START EXCERPTED RECORDS

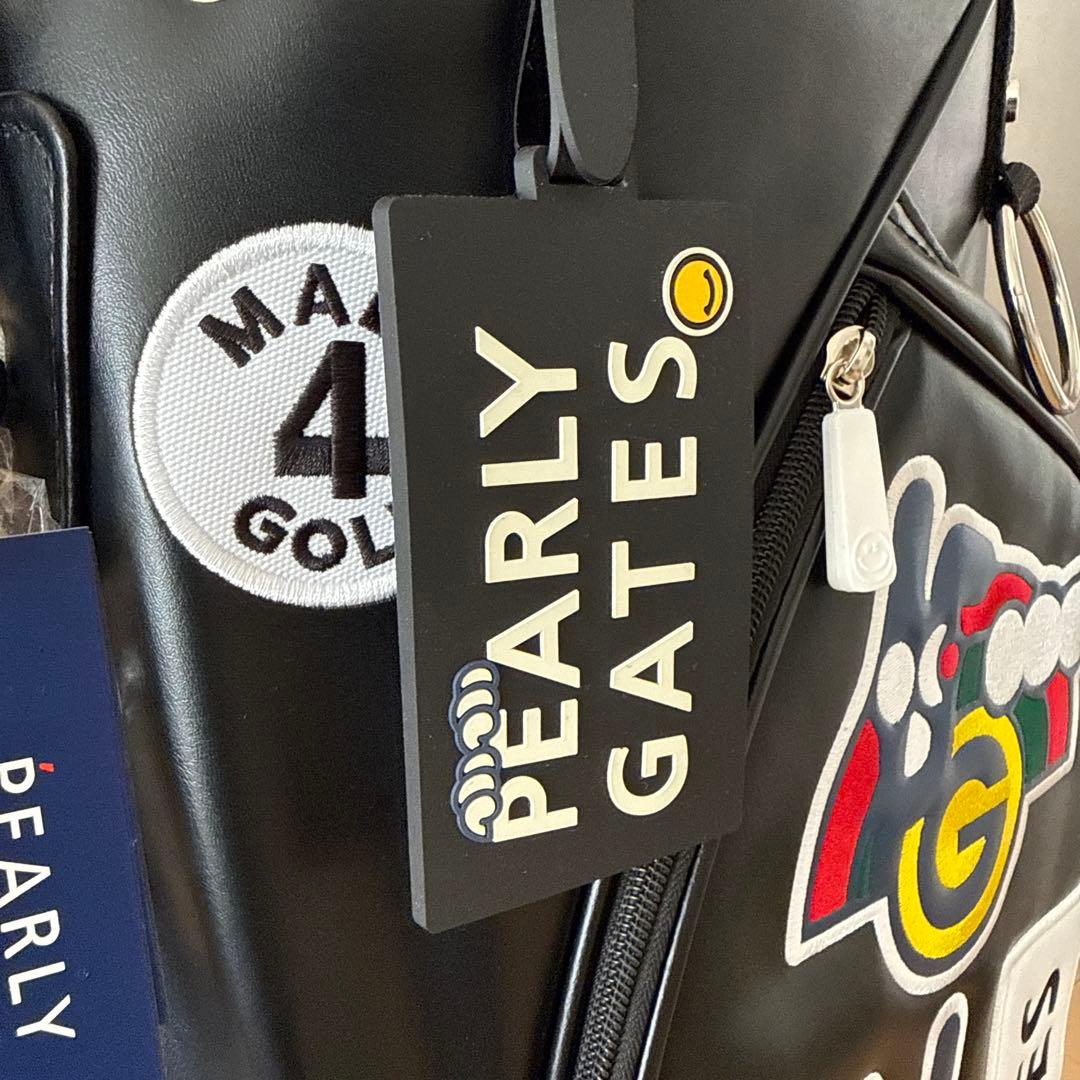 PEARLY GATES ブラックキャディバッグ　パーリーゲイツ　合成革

END EXCERPTED RECORDS
START EXCERPTED RECORDS

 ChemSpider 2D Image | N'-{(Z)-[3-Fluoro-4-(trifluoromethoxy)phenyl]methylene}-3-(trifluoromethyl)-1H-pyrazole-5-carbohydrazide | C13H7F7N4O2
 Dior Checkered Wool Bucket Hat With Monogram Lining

END EXCERPTED RECORDS
START EXCERPTED RECORDS

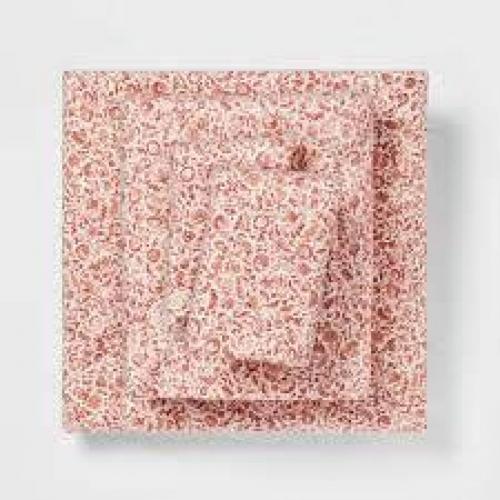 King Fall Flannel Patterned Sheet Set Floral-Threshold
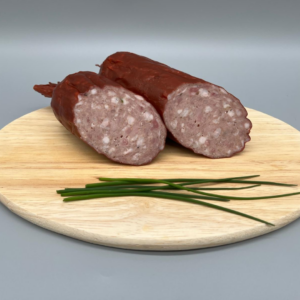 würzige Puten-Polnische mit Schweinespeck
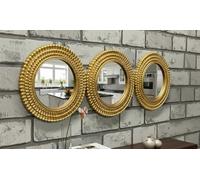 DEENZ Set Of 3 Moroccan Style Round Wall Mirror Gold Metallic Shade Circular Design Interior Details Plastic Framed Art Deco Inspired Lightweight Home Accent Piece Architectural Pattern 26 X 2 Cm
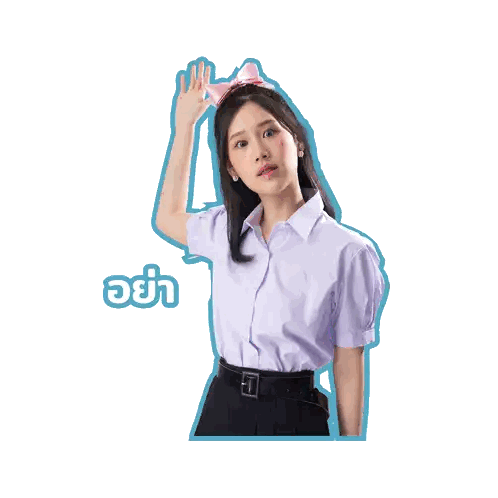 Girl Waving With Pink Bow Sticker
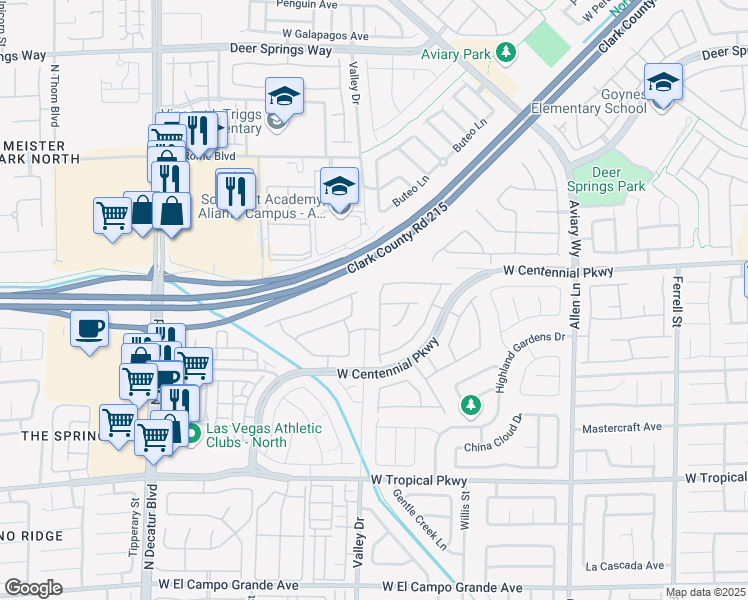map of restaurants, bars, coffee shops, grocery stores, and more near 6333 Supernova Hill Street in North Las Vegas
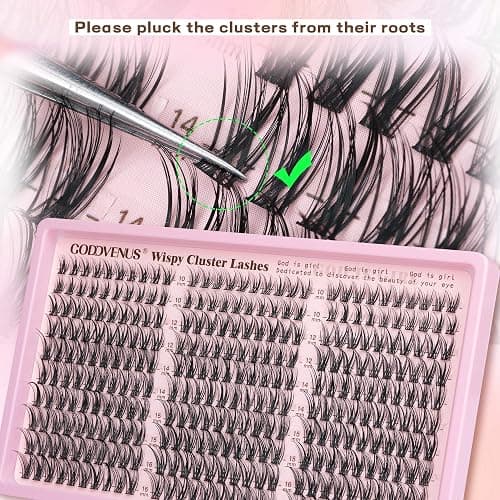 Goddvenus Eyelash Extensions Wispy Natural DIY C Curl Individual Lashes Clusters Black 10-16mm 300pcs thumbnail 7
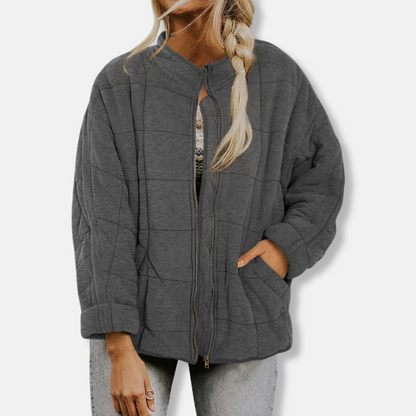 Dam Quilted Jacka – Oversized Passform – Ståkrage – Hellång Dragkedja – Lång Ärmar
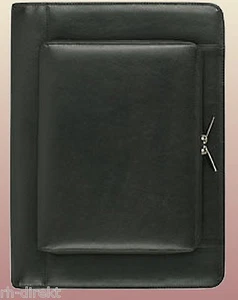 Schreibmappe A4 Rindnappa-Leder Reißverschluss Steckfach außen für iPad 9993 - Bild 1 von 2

END EXCERPTED RECORDS

In the material above, which lines fall between the one holding "Dam Quilted Jacka" and the one holding "Schreibmappe A4 Rindnappa-Leder", inclusive? Print exactly those, with the pictures left out.

SOLUTION -
 Dam Quilted Jacka – Oversized Passform – Ståkrage – Hellång Dragkedja – Lång Ärmar
 Schreibmappe A4 Rindnappa-Leder Reißverschluss Steckfach außen für iPad 9993 - Bild 1 von 2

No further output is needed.